Namun, pendekatan ini kini dianggap ketinggalan zaman, terutama di tengah gempuran transformasi digital, perubahan gaya hidup, dan meningkatnya kesadaran publik terhadap kesetaraan dan keberagaman.
Kebijakan Resmi: Pemerintah Ambil Langkah Tegas
Belum lama ini awal 2024, Kementerian Ketenagakerjaan Republik Indonesia secara resmi mengeluarkan surat edaran yang melarang pencantuman syarat batas usia dan penampilan dalam pengumuman lowongan kerja. Wakil Menteri Ketenagakerjaan Immanuel Ebenezer menyebut bahwa praktik diskriminatif semacam itu akan menjadi masa lalu.
Menurutnya, perusahaan wajib memberikan kesempatan kerja berdasarkan kompetensi dan pengalaman, bukan penampilan atau umur.
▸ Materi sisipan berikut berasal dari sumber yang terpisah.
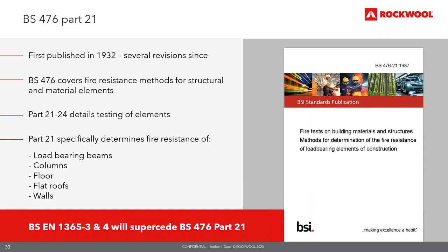BS 476 was the standard previously used in the UK prior to moving to harmonised European standards, first published in 1932. The BS 476 series dictates the appropriate fire test for elements of structure and materials, grading the level of fire resistance when subjected to the heating and pressure conditions specified in BS 476 part 20. BS 476 part 21 — fire resistance of load-bearing elements of structure — describes the procedures for determining fire resistance of load-bearing beams, columns, floors, flat roofs and walls, measured in terms of load bearing, integrity and insulation.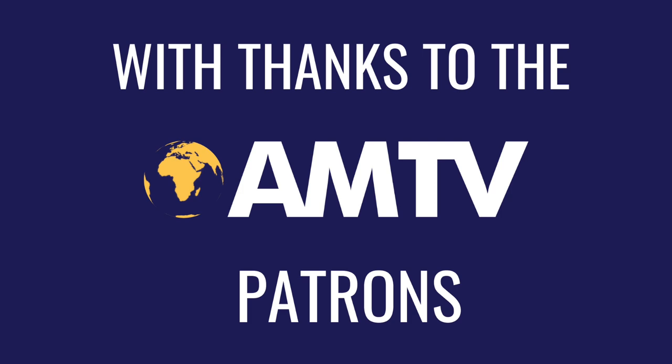This video was brought to you in part by the supporters of the AMTV Patreon. Thank you.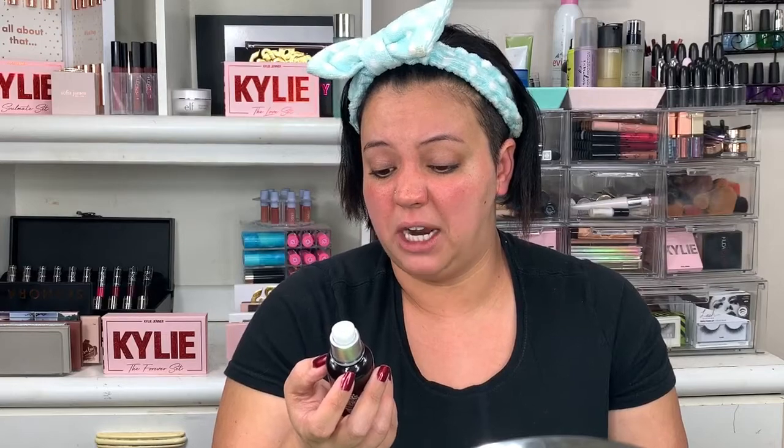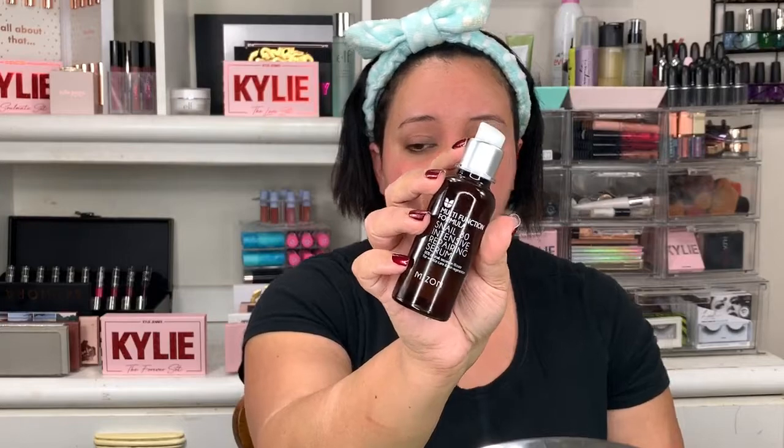This is the multi-functioning formula Snail 80 Intense Repair Serum — 80% snail secretion filtrate for wrinkle care and skin regeneration. It also helps with hydration. I go ahead and put a couple drops on my hand. It does have a really funky smell — I won't lie; in the morning when I wake up, my face will stink. If you also use a nighttime repair treatment like the Estée Lauder one, you'd do that here too. After the serum, I'll put on a sheet mask every other day or every couple of days — not doing that today — but you put it on, take it off, rub it in, and then go in with your moisturizer and face oils.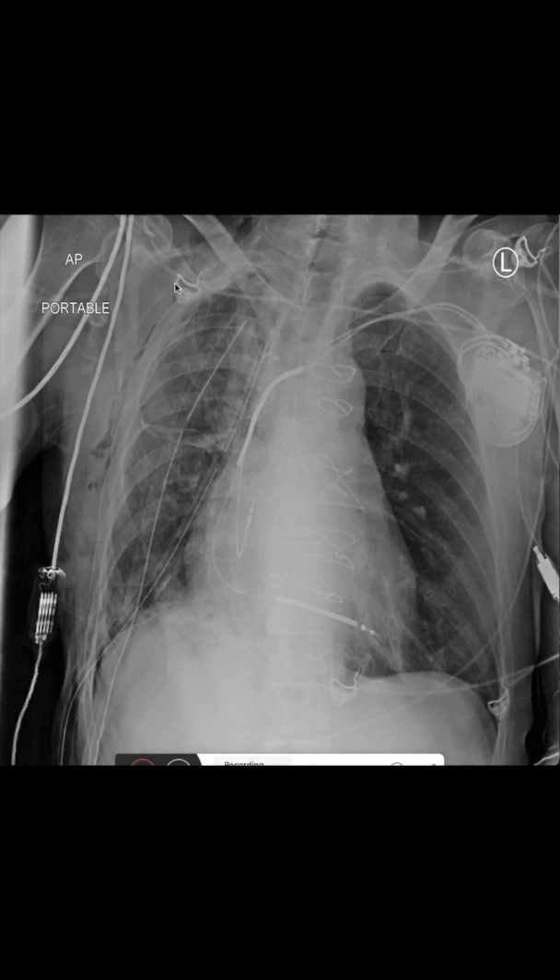What we also see are the electrodes of the ECG and the respective wires, which have been positioned to be mostly out of the field of view. That's it for this image. I hope it was helpful and thank you for watching.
Ini adalah bentuk konkret pelaksanaan asas non-diskriminasi sebagaimana dijamin dalam Undang-Undang No. 13 Tahun 2003 tentang Ketenagakerjaan dan juga semangat dari Konvensi ILO.
Realita di Lapangan: Masih Banyak PR
Meski regulasi telah digulirkan, di lapangan tantangannya belum kecil. Banyak perusahaan, terutama sektor swasta menengah dan kecil, masih belum memahami atau bahkan mengabaikan ketentuan ini. Situs pencari kerja dan grup lowongan di media sosial masih dipenuhi pengumuman yang mencantumkan usia maksimal "27 tahun", "good looking", "berat badan ideal", dan kriteria subjektif lainnya.
Fenomena seperti yang terjadi dalam job fair di Cikarang---di mana ribuan pelamar mengantre dalam kondisi yang tidak manusiawi hingga menyebabkan insiden pingsan massal---menjadi simbol bahwa sistem rekrutmen kita masih jauh dari ideal. Banyak pencari kerja datang dengan harapan baru, hanya untuk pulang dengan kecewa karena diskriminasi yang tersembunyi dalam bentuk lain, seperti "pengalaman minimal 2 tahun" untuk posisi pemula.
Mengapa Inklusivitas Itu Penting?
Inklusivitas dalam dunia kerja bukan semata soal keadilan moral. Ada nilai ekonomis dan strategis yang besar di baliknya. Studi dari Harvard Business Review menunjukkan bahwa tim yang terdiri dari anggota beragam usia dan latar belakang menghasilkan solusi yang lebih kreatif dan inovatif.